(Publicada no Público 19 de Setembro de 2005)
O descontentamento dos militares tem sido o prato forte das notícias nos últimos dias, estimulando comentários de diversos sectores. Porém, não vi ainda uma análise objectiva do problema que não deve ser observado pela óptica restrita da actual crise financeira. Depois do 25 de abril que os políticos bendisseram por lhes oferecer uma oportunidade de abraçar o Poder, os militares foram aos poucos por eles perseguidos, pelo receio de um novo golpe em função de erros da governação. Havia, por isso, que retirar toda a força aos detentores das armas mesmo que isso viesse a prejudicar o último argumento da soberania nacional.
Nesse sentido, na promoção a general deixou de ser factor essencial a competência profissional, sendo, pelo contrário, primordial a qualidade de obediência ao Poder político. Passaram a ser promovidos pelo Conselho Superior Militar, presidido pelo ministro da Defesa Nacional que, como tem vindo a ser demonstrado nos últimos dias, impõe a sua vontade sem aceitar objecções. Além disso, durante o Governo de Cavaco Silva, foi dado um golpe fatal na coesão das Forças Armadas. Os vencimentos dos oficiais estavam indexados ao vencimento máximo (general), existindo uma proporção fixa. Cavaco, para conquistar a dedicação incondicional dos generais, além da promoção por critérios políticos, separou, para cima, os vencimentos dos generais, criando um fosso entre o coronel e o então brigadeiro,
Estavam, assim criadas condições para as Forças Armadas serem pastoreadas pelo ministro da Defesa, utilizando os generais como cães pastores. Parece um exagero, mas a realidade mostra que não é: na actual crise, o CEMGFA foi à TV repetir religiosamente os argumentos que tínhamos ouvido pouco antes ao ministro. No jornal de 14, ficámos a saber que a Armada, para reduzir a participação na manifestação (que não houve) mandou para exercícios vários navios e 600 fuzileiros, o que equivaleu a custos de muitos milhares de euros, em momento de contenção de despesas.

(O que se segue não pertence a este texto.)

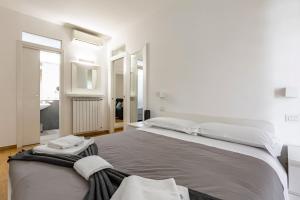 Florence Cozy Apartment with Small Terrace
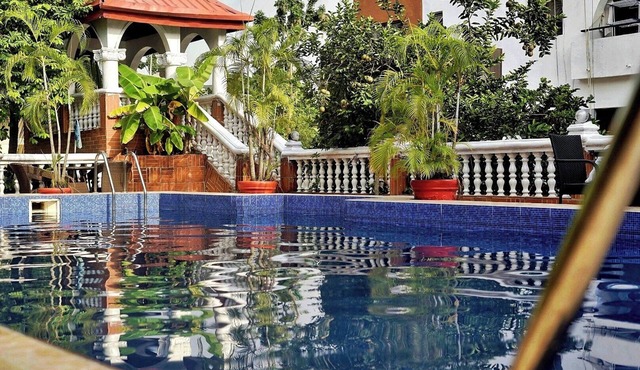 Frenezia Hotel and Apartment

Os militares, que são considerados cidadãos de segunda, por lhes serem recusados variados direitos, liberdades e garantias comuns aos vulgares cidadãos, não podem ter sindicatos. Essas restrições eram compensadas com aquilo que agora chamam «regalias», que lhes são retiradas, com desrespeito leis vigentes, por partte do Governo. A manifestação foi recusada com base na legislação das restrições de cidadania, o que mostra que há leis de referência e leis que são ignoradas e desrespeitadas pelo Poder. A justificação para não haver sindicato era a de que a hierarquia defendia cabalmente os interesses dos «trabalhadores» militares, mas os factos mostram o contrário. Os casos atrás citados e a ausência de generais a tomarem posição, mesmo que discreta, são uma prova que fala por si. Com o esquema de promoção e de nomeação, essencialmente político, esta apatia e «obediência» ao Poder não é de estranhar, o que vem dar mais valor às atitudes tomadas em momento oportuno pelos generais Loureiro dos santos e Gabriel Teixeira, pelos quais todos os militares devem nutrir muito respeito e consideração. E como os chefes militares defendem os políticos e não os seus homens, estes têm, moralmente, o direito à indignação e a desejarem uma organização sindical que os defenda, como acontece na função pública, nomeadamente nos juizes.
O que resulta disto tudo? Provavelmente, a curto prazo, vai deixar de haver voluntários para uma actividade desprezada e perseguida pelos políticos, que se regozijam ao citar a lei que lhes retira os direitos comuns a qualquer cidadão e os trata como ovelhas de um rebanho que apenas tem que obedecer sem poder indignar-se e reclamar. Assim, a actividade militar está em vias de extinção. Os coveiros já estão em actividade.